Disturbance of the singing voice
In our practice, the diagnosis and therapy of the singing voice is aimed in particular at professional singers, as well as committed amateur or choral singers of all styles (e.B.klassik, Pop, Rock, Jazz). The (re-)acquisition and deeper getting to know one’s own voice, as well as a permanently stable performance of the voice in everyday life, are the main therapeutic goal. Together, the therapist and patient work out the functional rehabilitation of the disturbed voice, as well as its permanent transfer into everyday life, based, among other things, on medical and psychological foundations. The individuality of the personal and artistic orientations are given special consideration throughout the therapy.
Contents of the voice therapy are (depending on the pattern of the disorder):
Perception, breathing, voice (voice, singing voice), relaxation exercises, articulation/resonance, posture, person/intention, anatomy, speaker drawing/voice formation.
Do they feel like they have a voice disorder?
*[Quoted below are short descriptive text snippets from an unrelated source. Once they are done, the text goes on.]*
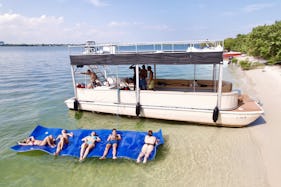 Double Decker Party Pontoon in Miami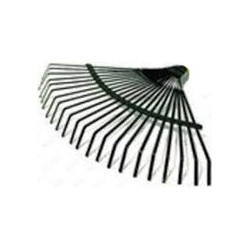 SX-H02 PLASTIC GARDEN RAKE WITHOUT HANDLE 24T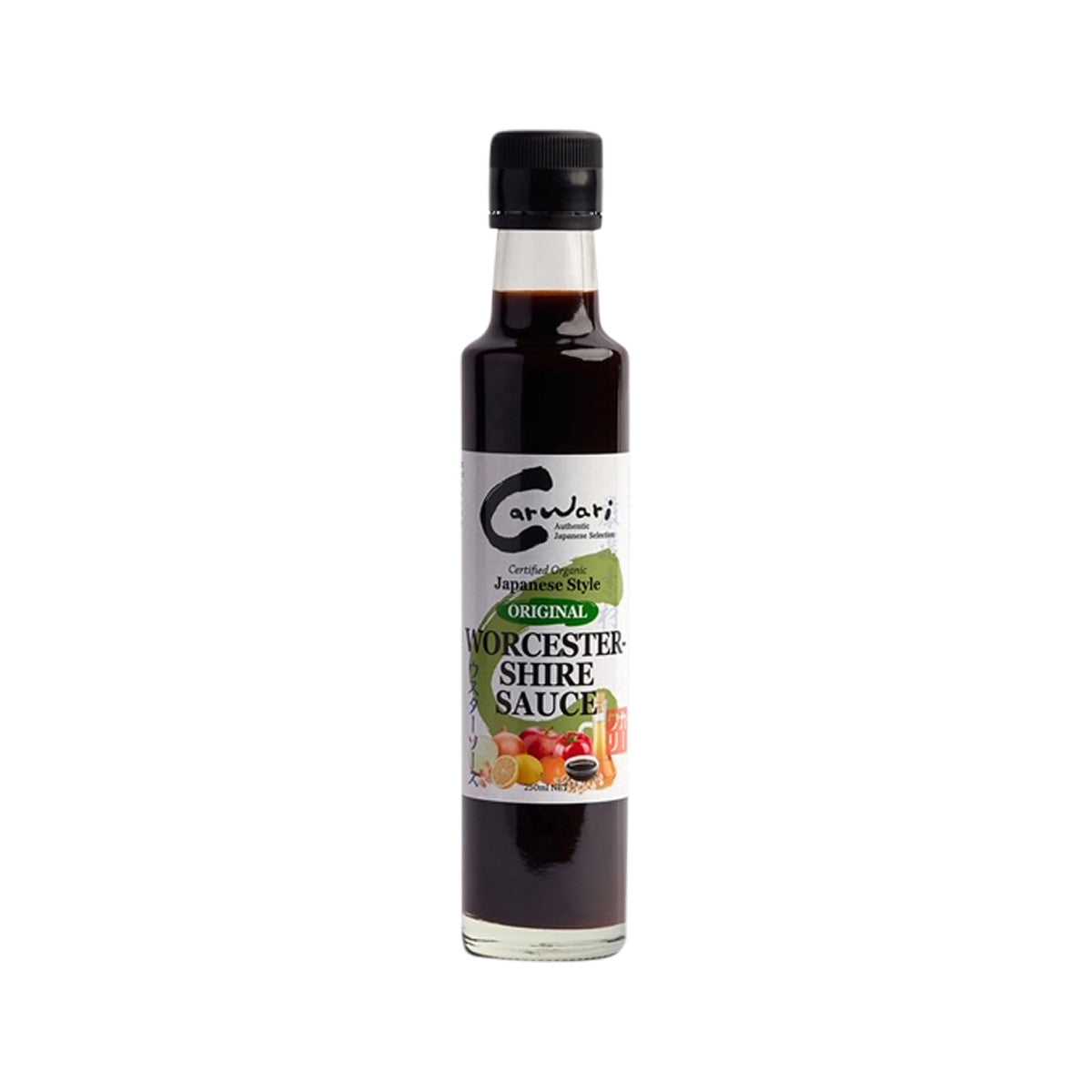 Carwari Organic Japanese Style Original Worcestershire Sauce 250ml - Cutprice Online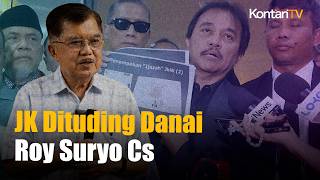 Heboh! JK Dituduh Danai Kasus Ijazah Jokowi, Ini Jawaban Kerasnya!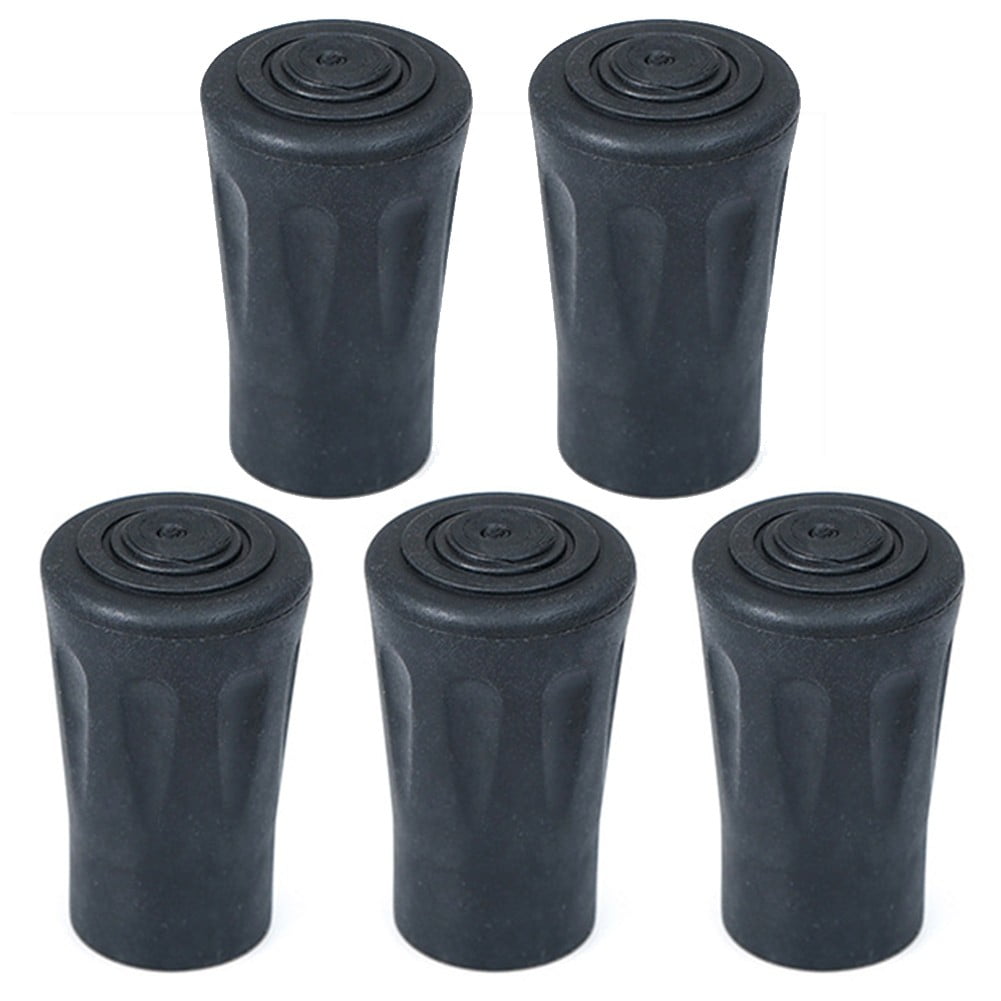 5Pcs Trekking Pole Tip Cap End Cap Walking Stick Tip Trekking Pole Boot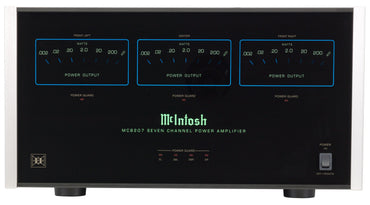 McIntosh MC8207 7-Channel Home Theater Amplifier-Amplifiers-McIntosh-Executive Stereo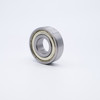 62/28ZZ Odd Size Ball Bearing 28x58x16 Angled View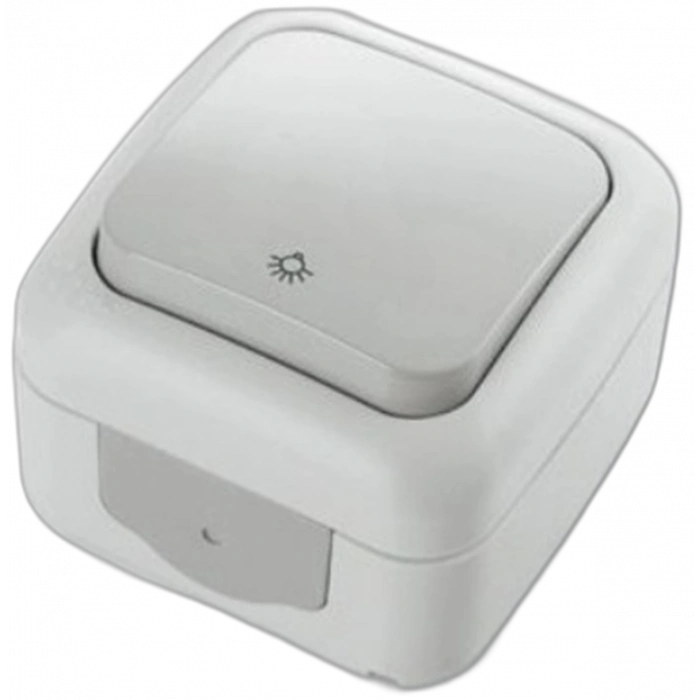 VİKO Palmiye Nemliyer Light Anahtar IP54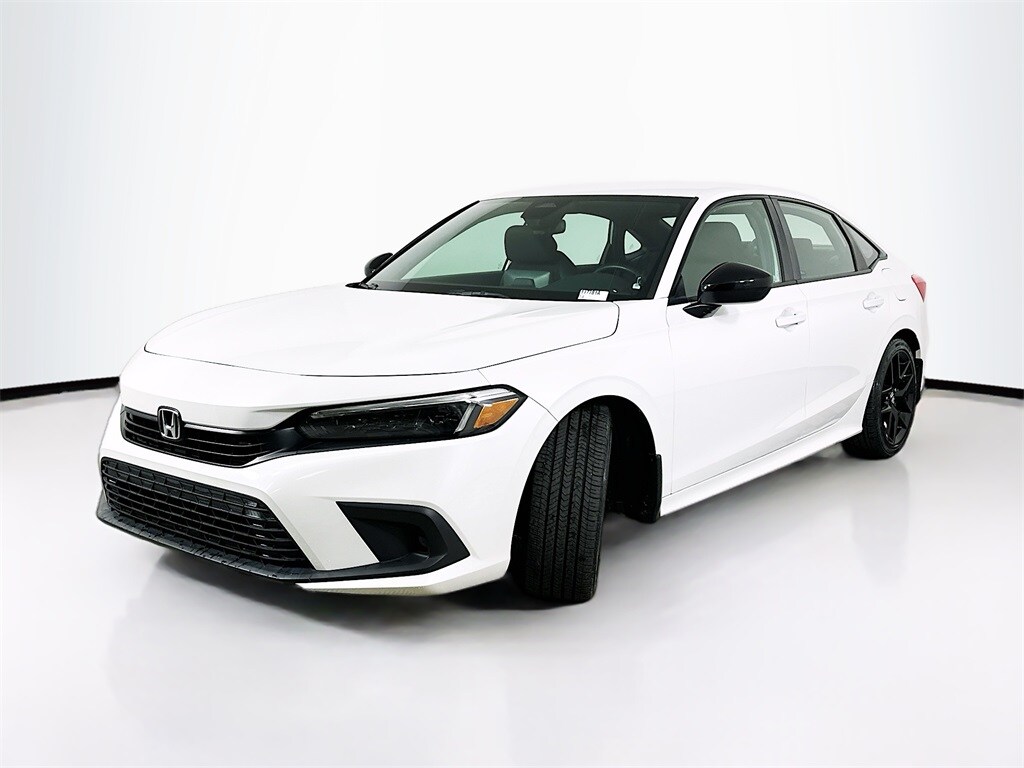 Used 2023 Honda Civic Sport Sedan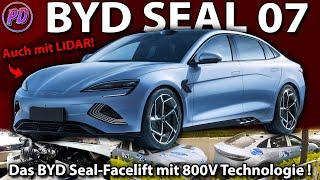 BYD SEAL 07 - Das BYD SEAL Facelift, aber noch ne Stufe krasser!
Possible symptoms of this include:
-the voice sounds rough, hoarse or breathy,
-their professional or private environment believes that their voice has changed,
-frequent lumping sensation in the neck,
-the sound of the voice has changed,
-feeling of exertion when or after speaking,
-changed, in most its inertly, limited performance
The earlier they start voice therapy, the better – because functional disorders can lead to changes in the vocal lips, which sometimes need to be surgically removed (e.B. Reincke-Ödeme, hard vocal nodules.).
Let us help you – we look forward to seeing you!
Aphasia e.B. speech loss after stroke
Aphasia is a central speech and communication disorder due to acquired brain damage in the speech-dominant cerebral hemisphere after completion of language acquisition.
These are caused by.B strokes, accidents, brain haemorrhage and brain tumors.
The aphasic disorders can extend to all expressive and receptive linguistic modalities (speaking, understanding, reading and writing).
Speech apraxia is a disorder in the execution of individual movements or of motion sequences in the speech sequence as a result of brain damage.
The impairment consists in the planning or programming of motor activities with the usually intact function of the functional circuits involved in speaking.
Often aphasia and speech apraxia occur together. In rare cases, apraxia can also occur in isolation.
The symptoms of speech apraxia are expressed, for example, by sound malformations, search movements, speech effort, co-movements, attempts at self-correction, speech pauses, stretches and omissions.
Dysarthria is an acquired neurogenic speech disorder caused by damage to the central or peripheral nervous system.
The impairment is reflected in the control and execution of speech movements. In the areas of breathing, phonation, articulation, resonance and prosodie, problems can therefore arise. In the case of severe disturbances, there may be a complete incomprehensibility of speaking.
Neurological diseases such as .B Parkinson’s disease, Chorea Huntington, Chorea Sydenham, multiple sclerosis, skull-brain trauma and stroke can be considered as the cause of dysarthria.